Queridos míos, no crean a cualquiera que se
considere inspirado: pongan a prueba su inspiración, para ver si procede de
Dios, porque han aparecido en el mundo muchos falsos profetas.
En esto reconocerán al que está inspirado
por Dios: todo el que confiesa a Jesucristo manifestado en la carne, procede de
Dios.
Y todo el que niega a Jesús,
no procede de Dios, sino que está inspirado por el Anticristo, por el que
ustedes oyeron decir que vendría y ya está en el mundo.

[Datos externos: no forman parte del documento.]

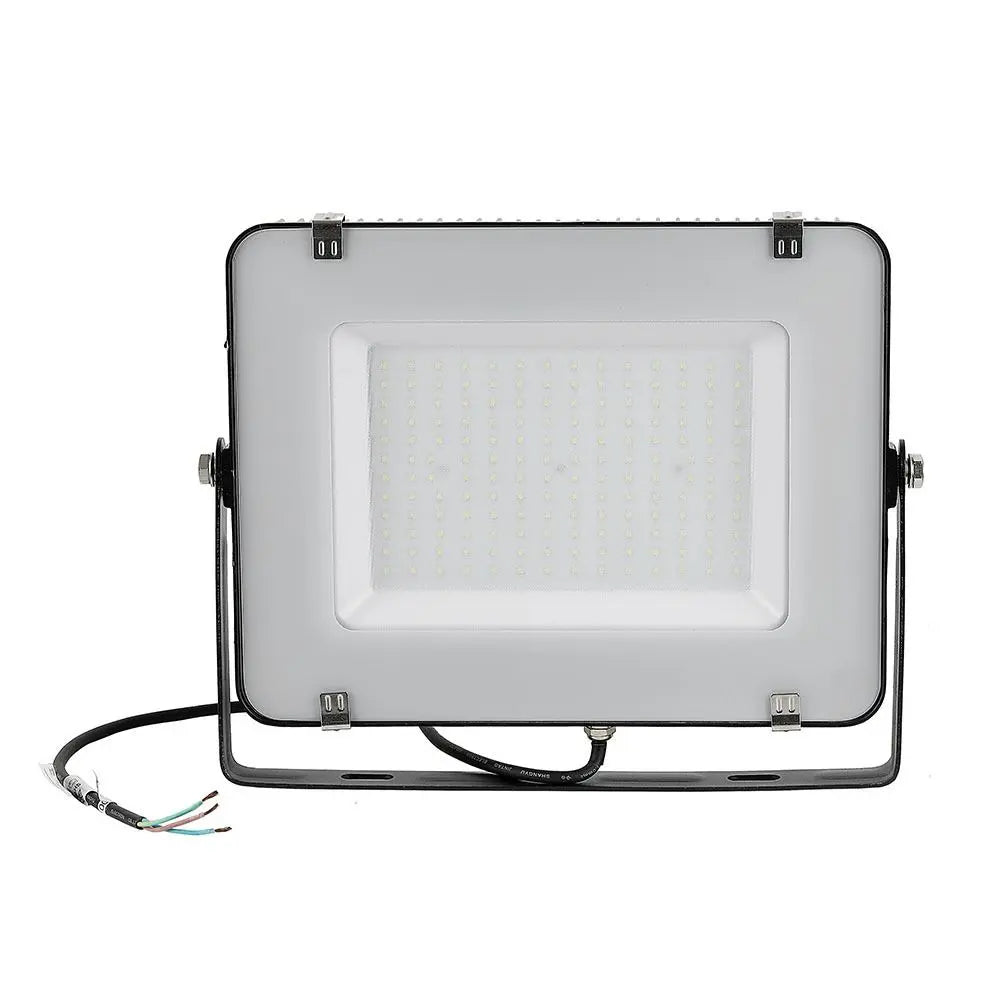 V-Tac 150W LED Floodlight Daylight Samsung Chip 6500K- Black V-TAC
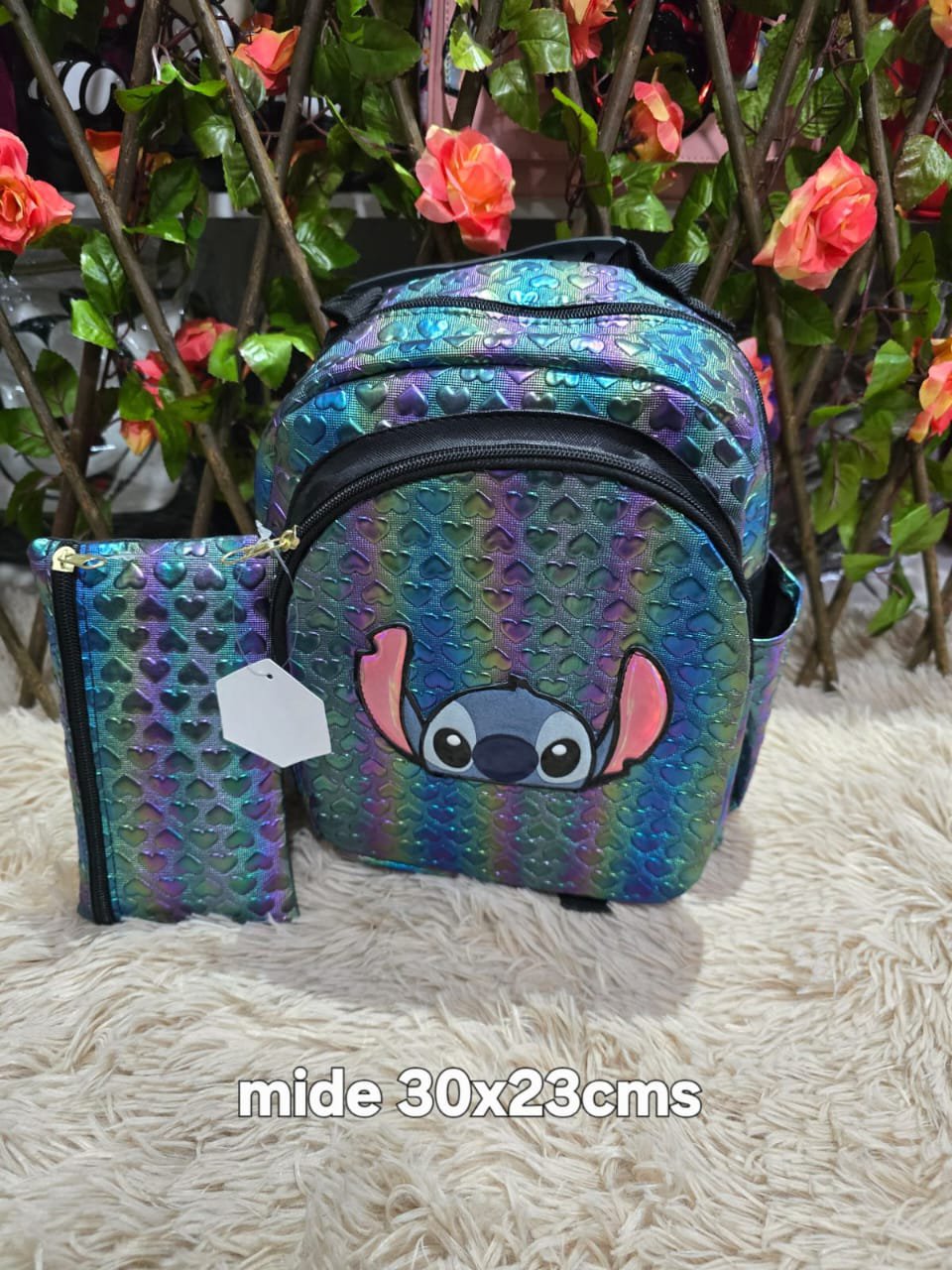 2026/03/1000004762.jpg mochila con estuche stitch - Imagen 1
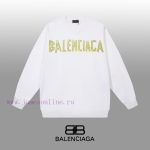 New Customers Only, Limit One. BALENCIAGA 24SS Classic Round Neck Hoodie11 Pairs Of Customized Fabrics 420g Large Loop High We 99s0zjr4 - Image 2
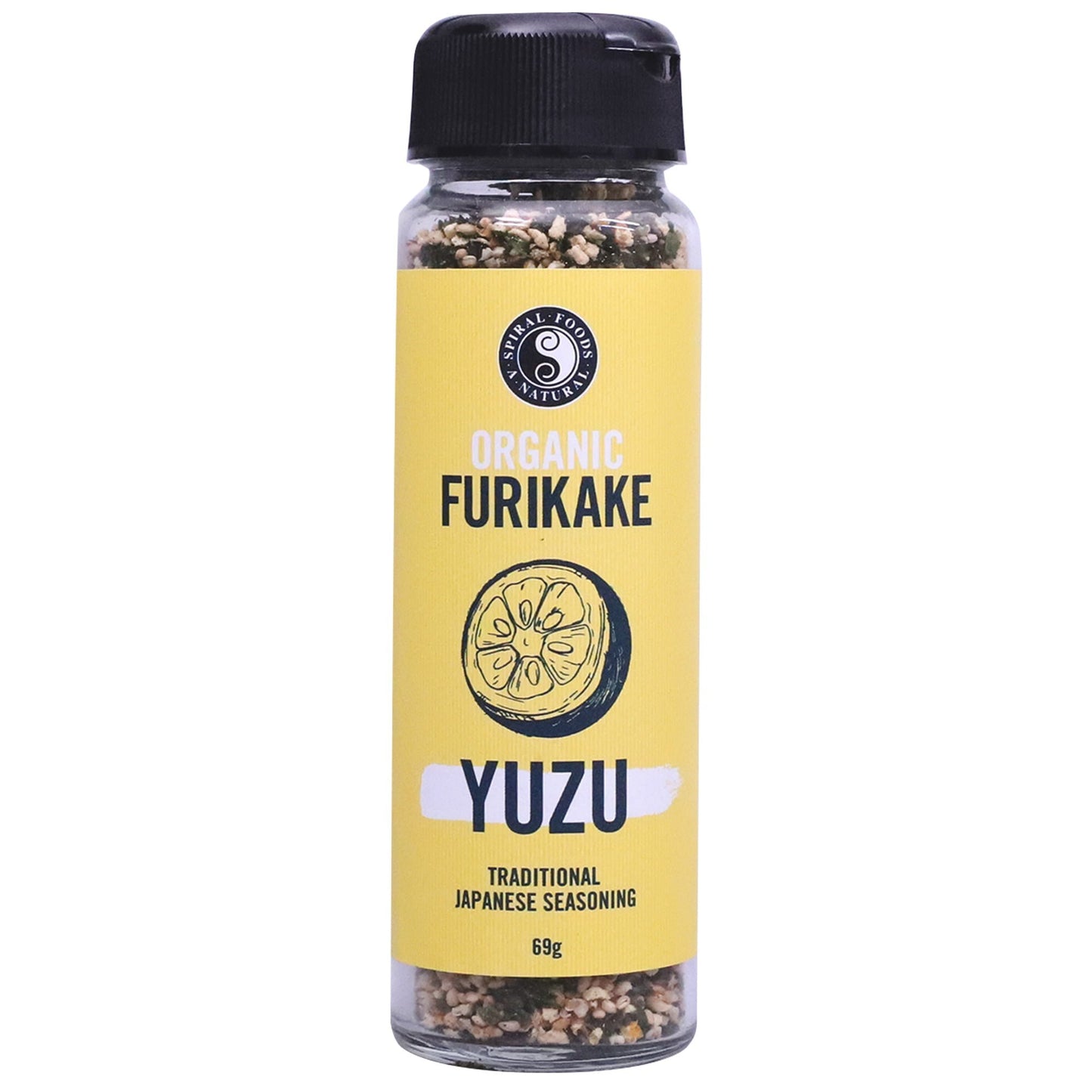 Spiral Foods Organic Yuzu Furikake 69g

Hijos míos, ustedes son de
Dios y han vencido a esos falsos profetas, porque aquel que está en ustedes es
más grande que el que está en el mundo.
Ellos son del mundo, por eso
hablan el lenguaje del mundo y el mundo los escucha.
Nosotros, en cambio, somos de
Dios. El que conoce a Dios nos escucha, pero el que no es de Dios no nos
escucha. Y en esto distinguiremos la verdadera de la falsa inspiración.
Queridos míos, amémonos los
unos a los otros, porque el amor procede de Dios, y el que ama ha nacido de
Dios y conoce a Dios.
El que no ama no ha conocido a Dios, porque
Dios es amor.
Así Dios nos manifestó su amor: envió a su
Hijo único al mundo, para que tuviéramos Vida por medio de él.
Y este amor no consiste en que nosotros
hayamos amado a Dios, sino en que él nos amó primero, y envió a su Hijo como
víctima propiciatoria por nuestros pecados.
Queridos míos, si Dios nos amó tanto,
también nosotros debemos amarnos los unos a los otros.
Nadie ha visto nunca a Dios: si nos amamos
los unos a los otros, Dios permanece en nosotros y el amor de Dios ha llegado a
su plenitud en nosotros.
La señal de que permanecemos
en él y él permanece en nosotros, es que nos ha comunicado su Espíritu.
Y nosotros hemos visto y
atestiguamos que el Padre envió al Hijo como Salvador del mundo.
El que confiesa que Jesús es
el Hijo de Dios, permanece en Dios, y Dios permanece en él.
Nosotros hemos conocido el
amor que Dios nos tiene y hemos creído en él. Dios es amor, y el que permanece
en el amor permanece en Dios, y Dios permanece en él.
La señal de que el amor ha
llegado a su plenitud en nosotros, está en que tenemos plena confianza ante el
día del Juicio, porque ya en este mundo somos semejantes a él.
En el amor no hay lugar para el temor: al
contrario, el amor perfecto elimina el temor, porque el temor supone un
castigo, y el que teme no ha llegado a la plenitud del amor.
Nosotros amamos porque Dios
nos amó primero.
El que dice: «Amo a Dios», y no ama a su
hermano, es un mentiroso. ¿Cómo puede amar a Dios, a quien no ve, el que no ama
a su hermano, a quien ve?
Este es el mandamiento que hemos recibido
de él: el que ama a Dios debe amar también a su hermano.